Provided data:
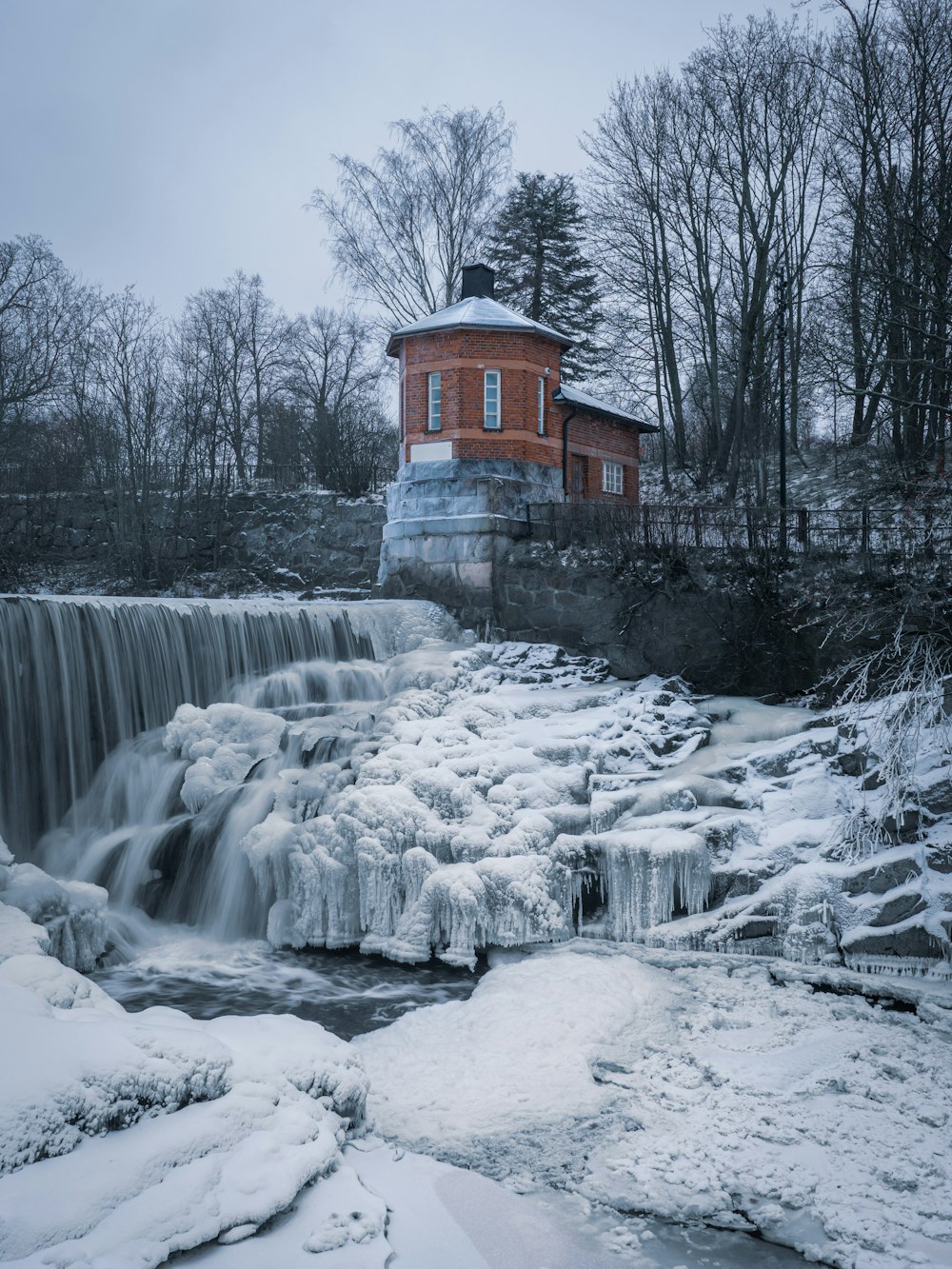a brick building with a waterfall and snow on the ground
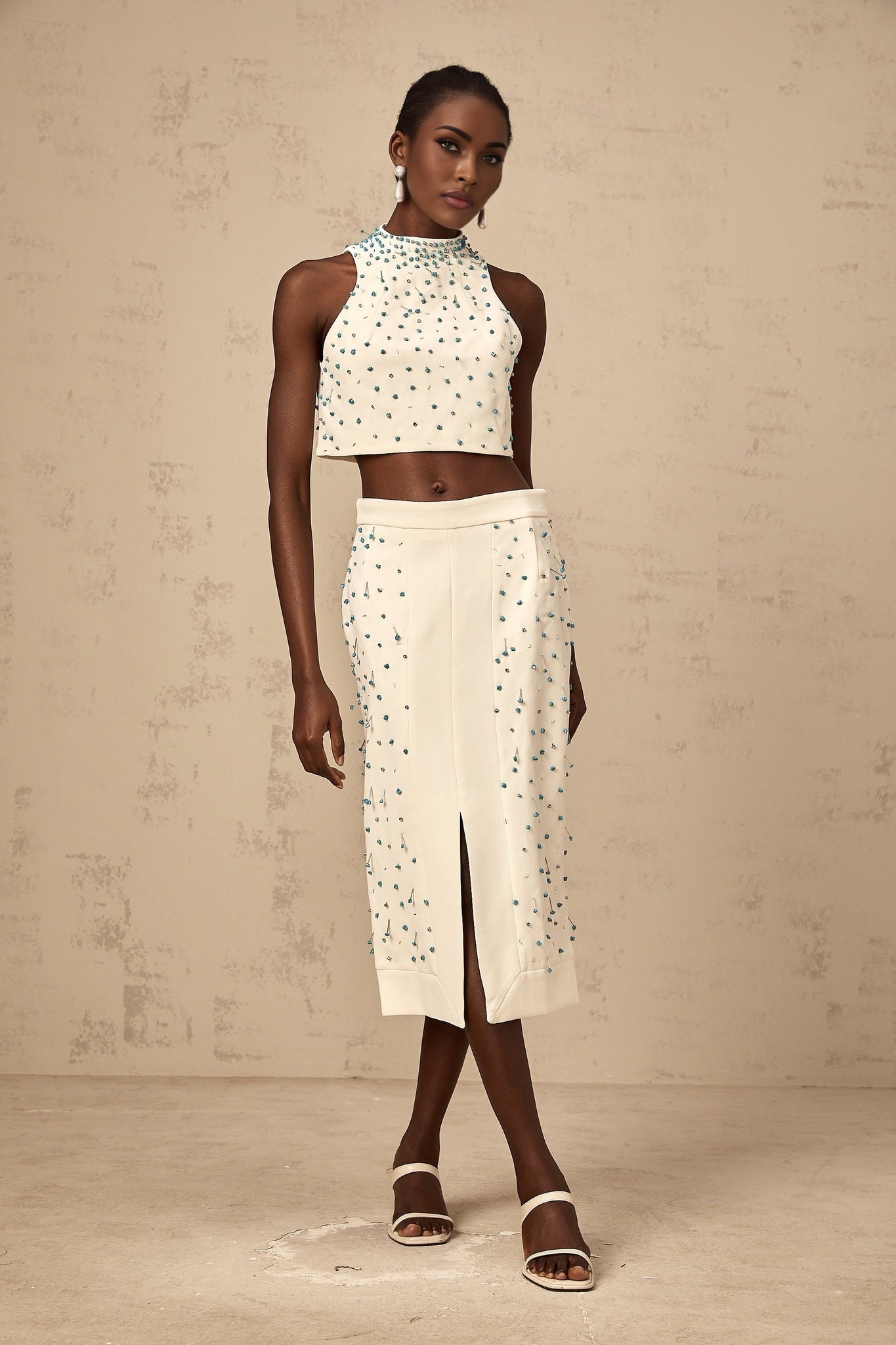 Woman wearing off white two piece outfit consisting of embellished top and matching skirt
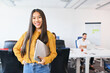 © baranq - Successful female entrepreneur or employee at coworking office. Portrait of smiling Asian women with laptop at startup office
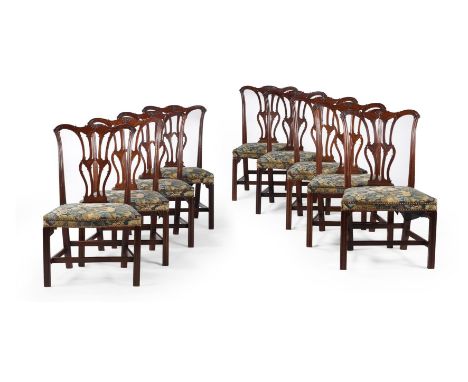 A SET OF NINE GEORGE III MAHOGANY DINING CHAIRS IN THE MANNER OF THOMAS CHIPPENDALE, CIRCA 1770 The seat rails stamped 'WH'95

Problem to solve: Reproduce the listing exactly, but keep its images out of the copy.

Result of this exercise:
a brick building with a waterfall and snow on the ground
 Woman wearing off white two piece outfit consisting of embellished top and matching skirt
 © baranq - Successful female entrepreneur or employee at coworking office. Portrait of smiling Asian women with laptop at startup office
 A SET OF NINE GEORGE III MAHOGANY DINING CHAIRS IN THE MANNER OF THOMAS CHIPPENDALE, CIRCA 1770 The seat rails stamped 'WH'95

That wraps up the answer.